Parenting: Grief and Loss

Parenting: Grief and Loss_web pageWhen we hear of being widowed, we usually think of the elderly. When we talk of single-parent households, we often associate it with divorce, or perhaps those never married. Until recently, little attention has been given to the widowed women and men who are grieving the death of a spouse while also parenting children and teens at home.

With the death of a spouse come many changes. Not only is the surviving parent grieving the loss of a partner, but he/she is also grieving many profound changes in his/her life, including the loss of hopes and dreams.

Often, one does not know what is expected. The surviving spouse has few role models since his/her family and friends usually have not been widowed while parenting. The surviving parent often expresses that these new challenges seem unfamiliar and often frightening.

The Challenge of Grieving as a Parent
Almost all surviving parents express concern for their grieving children. They know that they need to deal with their own grief, yet they are concerned about how the death of a spouse impacts their children. Finding a balance is difficult.

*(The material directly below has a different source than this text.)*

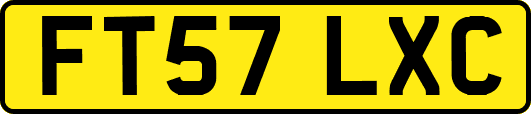 FT57LXC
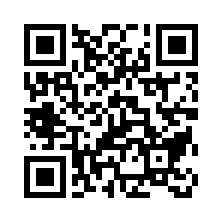 QR Code for 12Lvn7oUTJwtka9TAWmFkrJAX5M6PFgi66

First, find your time to grieve and mourn. There is no right or wrong way to grieve, so do what feels right for you. You may have a range of emotions, from anger and sadness, guilt and anxiety to denial and acceptance. Give yourself time to sort out your thoughts and talk with family and friends about your grief feelings.

Pay attention to your needs. You cannot help facilitate your children’s grief unless you are attending to your own grief as well. Consider joining a grief support group for parents, where you will have permission to share your feelings and concerns with widows and widowers who are also parenting.

Second, acknowledge your children’s feelings. Have a basic knowledge of the developmental stages of your children and how they may understand death, yet remember each child’s response and coping style is unique.

Listen attentively and encourage questions. Provide simple, direct, honest and calm explanations to their questions and concerns. One of their greatest fears is that of being abandoned and deserted. Therefore, reassure your children that they will be taken care of, loved and cherished.

Hug and hold your children. Non-verbal communication is the most powerful and direct way of telling children you care.

Explain that the loss is not your children’s fault. Discourage their magical thinking, such as when they believe an argument they had with their deceased parent caused the death and they quietly carry the guilt. Accept their expressions of guilt or regret, but offer reassurance and gently tell them that they did not cause the death. Continue to discipline and maintain usual limits and routines. Consistency is crucial as your children adapt to the changes.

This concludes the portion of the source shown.